Sort of, but not really. The idea is to get rid of as much of the duplicate units as possible. Why have each 'core' use its own decoders, cache, registers, tables, queues, schedulers, yada yada yada? And they still have to talk to each other instead of openly sharing data. As cores shrink more and more, having just one 'core' do all of that part and the remaining 'cores' being just execution units, will really allow for a lot more efficient design. From what I've read the Cell processor is kind of a step in that direction, but not nearly enough of one.
 
True. However, from a design standpoint, what you are saying is more difficult than it sounds, and it will be a few years before something like that is seen.

(Though on one level, that is kinda how a current processor works, with different elements, such as the ALU, included on one core). I know it is not the same as what you are talking about though.
 
True. However, from a design standpoint, what you are saying is more difficult than it sounds, and it will be a few years before something like that is seen.
Oh, I know. Which is why work should be started now. (Should have started already.) It only really starts to make an economical sense once we reach quad-cores anyway.

(Though on one level, that is kinda how a current processor works, with different elements, such as the ALU, included on one core). I know it is not the same as what you are talking about though.
Exactly. This is just taking that to a much further extreme. Procs are already breaking up the x86 code into microcodes specific to the proc. We just need to take this further.
 
Earlier than Corprinicus, Aristotle invented the Scientific method. But your point still stand, if we are going to compare products then you must limit the number of variables being shown. In an ideal world both Intel and AMD would run on th exact same motherboard with the exact same ram, etc etc. Comparing one overclocked processor to a known overclocked processor is a gross violation of the scientific method. Not to mention that there are still cache differences and things of that nature. An Athlon X2 3800 overclocked to FX dual speed is not the same as a dual FX, there are cache differences.
 
The speed of light is releatvie to its medium, but it still maxes out in a vacuum at 186,000 miles per second. Most fiber optics don't quite reach that speed yet.

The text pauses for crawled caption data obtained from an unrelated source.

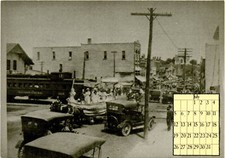 July, 1234, Blanchardville, Wisconsin, Illinois Central railroad car, Postcard picture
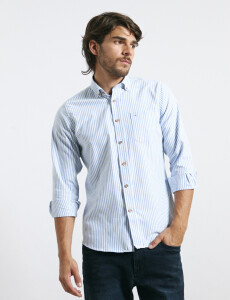 012622 CAMISA HARRINGTON LABEL Azul / Natural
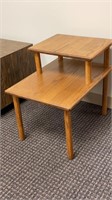 Two tier side table solid wood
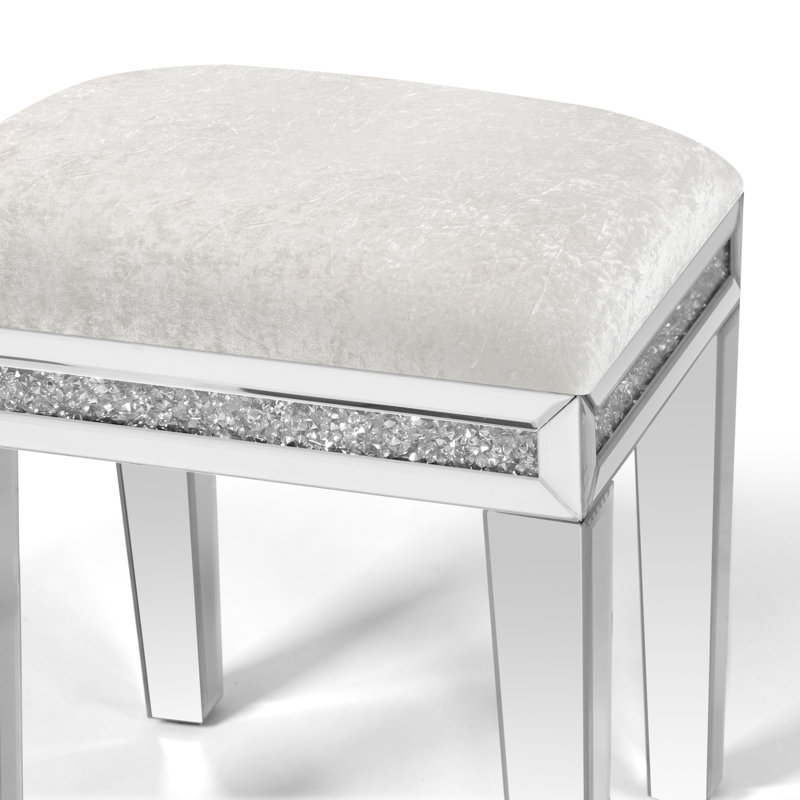 Tabouret de coiffeuse d'appoint Mikayil , Blanc perle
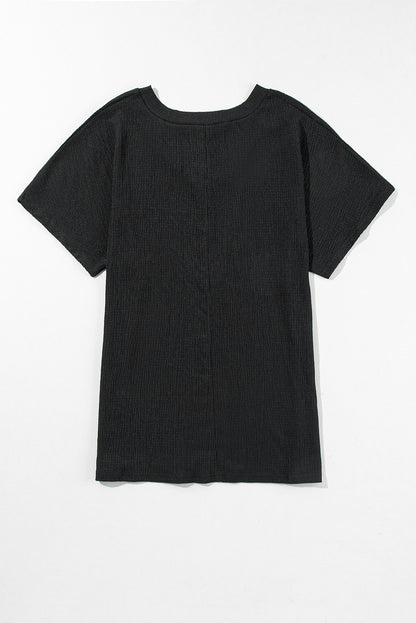 Basic Plain Textured V Neck T-Shirt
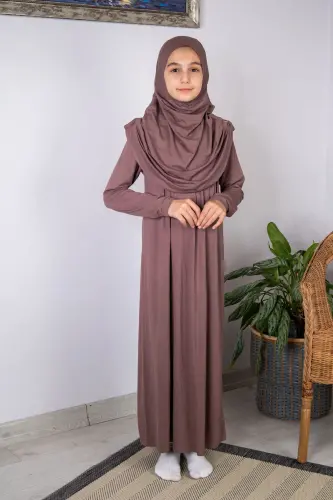 Pratik Başörtülü Tek Parça Çocuk Namaz Elbisesi 8-12 Yaş - Kahve - ihvanonline (1)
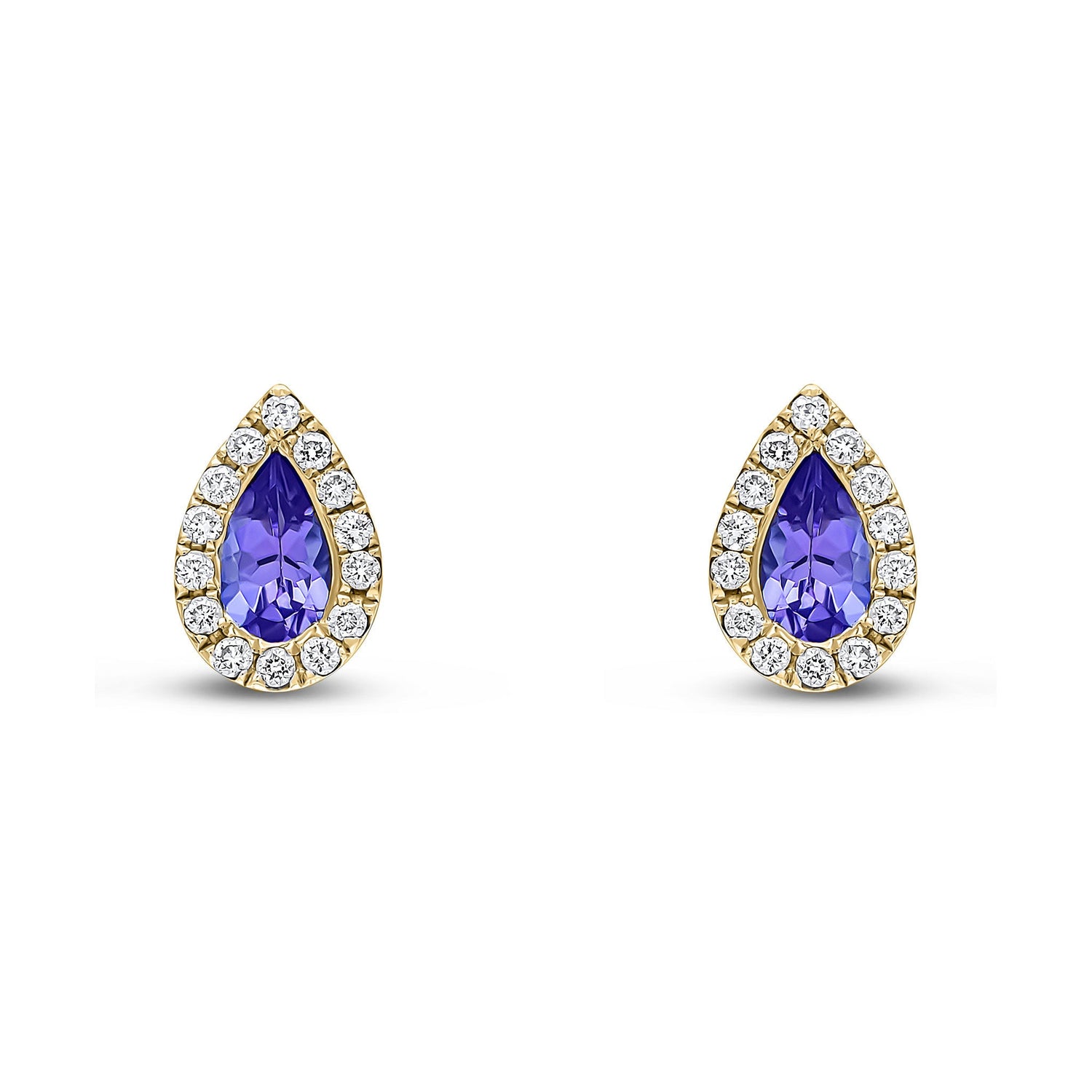 18ct Yellow Gold Pear Shaped Natural Tanzanite and Diamond Cluster Stud Earrings — 5x3mm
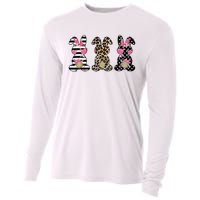 Leopard Easter Bunny Rabbit Trio Cute Easter Cooling Performance Long Sleeve Crew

I read on a Popular Mechanics magazine that some scientists made light travel faster than "itself" and lowered its speed on a special type of fyber optic...

Indeed it would be VERY XXXpensive pc....
 
well said supremelaw

it would be a high risk venture for intel to put their money into a bunch of theory no one knows much about and they probably figure they've come so far, lets just improve on what we wasted so much money on already
 
but um.. isn't light fast enough anyway?

anyhow. you couldn't make a computer chip out of fibre optics because fibre obtics don't work through cables that r bent at more than 90 degrees and i don't think you can fit enough fibre optic cable into the size of a processor core without bending some of the fibre optics
 
The performance of the Presler is exceptional for an Intel based system
Perhaps, for an Intel system. Not to be compared to an Amd, or they would look bad.
Sad that they did not include what the scotties do best. These little puppies are great heaters.
 
Intels got conroe round the corner, that will atleast catch up to an A64 and might beat it if intel gets it right (its there "new" architecture - ground up new design so it should dam hell should even if its not equal clock for clock), either way Intel's conroe will be cooler and quicker then the current netburst rubish.